In a recent article in Multivariate Behavioral Research, we (Huang, Wiedermann, and Zhang; HWZ; doi: 10.1080/00273171.2022.2077290) discuss a robust standard error that can be used with mixed models that accounts for violations of homogeneity. Note that these robust standard errors have been around for years though are not always provided in statistical software. These can also be computed using the CR2
package or the clubSandwich
package. This page shows how to compute the traditional Liang and Zeger (1986) robust standard errors (CR0) and the CR2 estimator- see Bell and McCaffrey (2002) as well as McCaffrey, Bell, and Botts (2001) (BM and MBB).
NOTE: Cluster robust standard errors can also be computed using our SPSS add-on available here: https://github.com/flh3/CR2. This doesn’t work though with mixed models.
d1 <- rio::import(file = 'https://github.com/flh3/evalclass/raw/main/ccrem/ccrem.sav')
set.seed(123)
d1 <- d1[sample(nrow(d1)),] #jumble up the data to test functions...
## c1 is the clustering variable
Inspecting the intraclass correlation coefficient.
library(lmerTest)
library(CR2)
m0 <- lmer(y ~ 1 + (1|c1),
data = d1)
performance::icc(m0)
# Intraclass Correlation Coefficient
Adjusted ICC: 0.095
Conditional ICC: 0.095
dplyr::n_distinct(d1$c1)
[1] 30
Use a basic random intercepts model.
m2 <- lmer(y ~ W1 + X1 + (1|c1), # + (1|c2), for CCREM, ignore for now
data = d1)
Using elements for from the m2
object, reconstruct the results “manually”. The fixed effects are: \[(X'V^{-1}X)^{-1}X'V^{-1}y.\]
Vm <- CR2::getV(m2) #V matrix, install the package.

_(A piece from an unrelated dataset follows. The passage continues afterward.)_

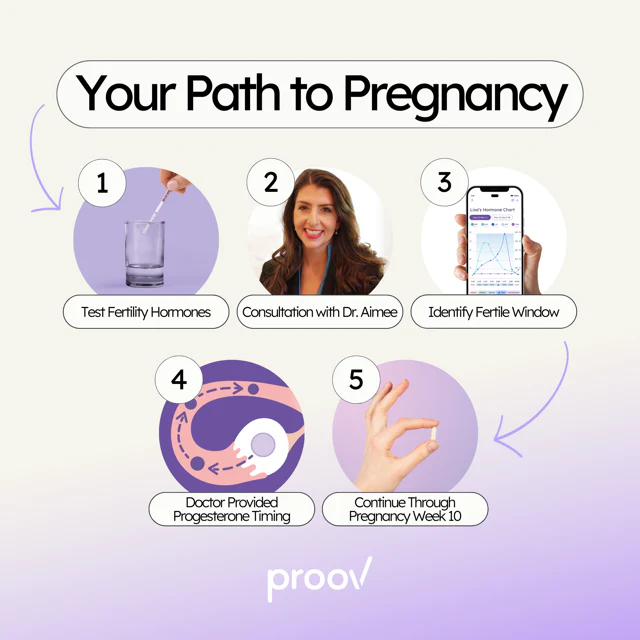 Path to Pregnancy - Fertility Treatment with Coaching FSA Eligible - Image 2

X <- model.matrix(m2) #X matrix
y <- m2@resp$y #the outcome
dat <- m2@frame #the dataframe
Vinv <- solve(Vm) #can be slow, don't really do this but the data are small anyway
solve(t(X) %*% Vinv %*% X) %*% t(X) %*% Vinv %*% y #manual, slow
[,1]
(Intercept) 10.706834
W1 0.339460
X1 1.733624
fixef(m2) #fixed effects / regression coefficients
(Intercept) W1 X1
10.706834 0.339460 1.733624
The model-based variance covariance matrix is \[(X'V^{-1}X)^{-1}.\] Standard errors are the square root of the diagonal of the matrix.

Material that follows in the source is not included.